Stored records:
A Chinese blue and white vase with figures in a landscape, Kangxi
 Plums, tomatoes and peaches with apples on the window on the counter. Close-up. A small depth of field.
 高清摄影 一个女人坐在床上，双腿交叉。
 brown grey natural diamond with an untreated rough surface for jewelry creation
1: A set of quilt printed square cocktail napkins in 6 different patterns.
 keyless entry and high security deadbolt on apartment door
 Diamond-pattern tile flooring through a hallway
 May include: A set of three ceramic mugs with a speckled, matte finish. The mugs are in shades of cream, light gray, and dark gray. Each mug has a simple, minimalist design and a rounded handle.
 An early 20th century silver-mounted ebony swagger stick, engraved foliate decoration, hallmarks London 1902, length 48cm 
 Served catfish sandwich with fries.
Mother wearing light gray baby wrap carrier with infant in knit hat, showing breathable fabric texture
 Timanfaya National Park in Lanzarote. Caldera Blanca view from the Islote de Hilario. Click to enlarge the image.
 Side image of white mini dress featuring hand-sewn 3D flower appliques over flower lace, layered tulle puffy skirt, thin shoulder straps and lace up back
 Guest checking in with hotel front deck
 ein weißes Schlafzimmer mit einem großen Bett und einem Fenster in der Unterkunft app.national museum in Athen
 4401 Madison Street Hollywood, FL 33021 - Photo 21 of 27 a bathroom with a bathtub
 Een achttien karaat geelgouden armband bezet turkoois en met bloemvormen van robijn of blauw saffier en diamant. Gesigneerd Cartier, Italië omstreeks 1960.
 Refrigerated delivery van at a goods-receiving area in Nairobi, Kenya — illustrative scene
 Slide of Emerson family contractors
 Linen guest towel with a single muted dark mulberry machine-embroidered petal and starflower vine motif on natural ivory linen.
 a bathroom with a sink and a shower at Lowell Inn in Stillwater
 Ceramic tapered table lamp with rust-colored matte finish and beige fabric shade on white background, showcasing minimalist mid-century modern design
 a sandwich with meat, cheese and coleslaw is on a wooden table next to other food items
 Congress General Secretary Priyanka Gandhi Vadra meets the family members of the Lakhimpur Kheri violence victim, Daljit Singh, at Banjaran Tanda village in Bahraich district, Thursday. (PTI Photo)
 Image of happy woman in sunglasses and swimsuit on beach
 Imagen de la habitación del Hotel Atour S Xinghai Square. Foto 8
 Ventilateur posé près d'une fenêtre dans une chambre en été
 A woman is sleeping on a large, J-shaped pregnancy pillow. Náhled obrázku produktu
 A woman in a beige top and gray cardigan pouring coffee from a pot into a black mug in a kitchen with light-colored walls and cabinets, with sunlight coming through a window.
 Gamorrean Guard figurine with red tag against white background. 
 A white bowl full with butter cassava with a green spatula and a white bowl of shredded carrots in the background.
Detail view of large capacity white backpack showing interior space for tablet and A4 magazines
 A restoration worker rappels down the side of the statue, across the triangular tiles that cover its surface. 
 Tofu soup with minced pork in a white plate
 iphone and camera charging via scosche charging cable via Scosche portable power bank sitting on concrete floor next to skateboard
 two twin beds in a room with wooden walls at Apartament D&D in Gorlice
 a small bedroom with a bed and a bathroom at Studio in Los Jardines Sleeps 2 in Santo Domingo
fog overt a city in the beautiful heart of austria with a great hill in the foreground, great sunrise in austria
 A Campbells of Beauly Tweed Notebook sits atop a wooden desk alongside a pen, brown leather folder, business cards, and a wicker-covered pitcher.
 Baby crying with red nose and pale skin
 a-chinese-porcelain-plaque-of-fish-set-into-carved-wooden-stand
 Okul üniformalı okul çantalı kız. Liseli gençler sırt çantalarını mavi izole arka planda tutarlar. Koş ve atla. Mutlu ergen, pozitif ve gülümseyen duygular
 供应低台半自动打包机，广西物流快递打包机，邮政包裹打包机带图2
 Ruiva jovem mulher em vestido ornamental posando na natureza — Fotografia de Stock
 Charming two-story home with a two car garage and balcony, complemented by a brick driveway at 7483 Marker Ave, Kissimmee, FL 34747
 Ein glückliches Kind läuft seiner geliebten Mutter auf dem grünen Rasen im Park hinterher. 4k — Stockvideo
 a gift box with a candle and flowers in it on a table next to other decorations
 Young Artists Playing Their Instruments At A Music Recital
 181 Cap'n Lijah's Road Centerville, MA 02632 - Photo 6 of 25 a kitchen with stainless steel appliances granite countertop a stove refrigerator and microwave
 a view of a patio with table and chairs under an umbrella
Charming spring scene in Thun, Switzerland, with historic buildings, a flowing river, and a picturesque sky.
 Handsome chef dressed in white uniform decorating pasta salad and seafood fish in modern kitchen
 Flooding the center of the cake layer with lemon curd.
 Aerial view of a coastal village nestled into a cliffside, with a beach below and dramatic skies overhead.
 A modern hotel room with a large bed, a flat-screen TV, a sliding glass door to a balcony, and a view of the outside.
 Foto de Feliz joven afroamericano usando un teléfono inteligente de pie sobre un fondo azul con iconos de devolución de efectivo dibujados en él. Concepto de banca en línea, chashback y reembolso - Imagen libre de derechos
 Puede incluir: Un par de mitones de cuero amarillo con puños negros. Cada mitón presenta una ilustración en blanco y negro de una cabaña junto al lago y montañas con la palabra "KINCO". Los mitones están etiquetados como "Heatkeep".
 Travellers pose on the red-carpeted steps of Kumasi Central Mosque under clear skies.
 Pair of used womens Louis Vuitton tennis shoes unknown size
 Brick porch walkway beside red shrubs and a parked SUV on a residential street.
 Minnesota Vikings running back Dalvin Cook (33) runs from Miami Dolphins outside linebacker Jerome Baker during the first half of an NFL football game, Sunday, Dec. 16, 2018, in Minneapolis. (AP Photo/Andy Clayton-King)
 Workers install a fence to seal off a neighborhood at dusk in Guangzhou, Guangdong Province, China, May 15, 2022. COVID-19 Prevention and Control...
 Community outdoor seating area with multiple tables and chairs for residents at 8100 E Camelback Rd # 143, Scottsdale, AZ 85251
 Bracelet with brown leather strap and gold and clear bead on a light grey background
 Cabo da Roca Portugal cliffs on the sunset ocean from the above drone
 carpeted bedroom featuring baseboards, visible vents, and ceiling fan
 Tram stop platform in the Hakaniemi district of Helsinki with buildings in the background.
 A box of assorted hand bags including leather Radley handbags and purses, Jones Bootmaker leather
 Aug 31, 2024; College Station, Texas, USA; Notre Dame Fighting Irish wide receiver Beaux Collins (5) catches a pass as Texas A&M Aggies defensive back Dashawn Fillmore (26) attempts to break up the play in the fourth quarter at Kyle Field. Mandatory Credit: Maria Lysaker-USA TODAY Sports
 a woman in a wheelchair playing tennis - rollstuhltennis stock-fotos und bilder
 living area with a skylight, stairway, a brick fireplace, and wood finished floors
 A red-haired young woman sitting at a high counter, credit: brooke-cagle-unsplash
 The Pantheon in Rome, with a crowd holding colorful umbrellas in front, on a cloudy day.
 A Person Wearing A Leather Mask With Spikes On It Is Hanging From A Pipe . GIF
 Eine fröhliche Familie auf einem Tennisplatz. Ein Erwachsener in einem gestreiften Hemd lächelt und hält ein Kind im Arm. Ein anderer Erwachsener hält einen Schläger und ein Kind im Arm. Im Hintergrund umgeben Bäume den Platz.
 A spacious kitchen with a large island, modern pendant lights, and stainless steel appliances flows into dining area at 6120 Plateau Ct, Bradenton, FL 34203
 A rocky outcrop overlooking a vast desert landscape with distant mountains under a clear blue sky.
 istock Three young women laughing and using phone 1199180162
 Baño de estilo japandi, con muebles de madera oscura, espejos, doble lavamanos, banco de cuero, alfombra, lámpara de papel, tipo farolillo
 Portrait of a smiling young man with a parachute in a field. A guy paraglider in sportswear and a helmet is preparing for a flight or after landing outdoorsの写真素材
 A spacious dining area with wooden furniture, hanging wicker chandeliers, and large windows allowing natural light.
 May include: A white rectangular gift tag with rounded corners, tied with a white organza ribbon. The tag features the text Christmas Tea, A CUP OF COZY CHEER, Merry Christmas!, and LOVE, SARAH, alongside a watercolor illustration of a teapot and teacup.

• _Activity_
Before answering, count every line of the data that holds the word "walls"; the reply is that number only.

• _Answer for the task_
2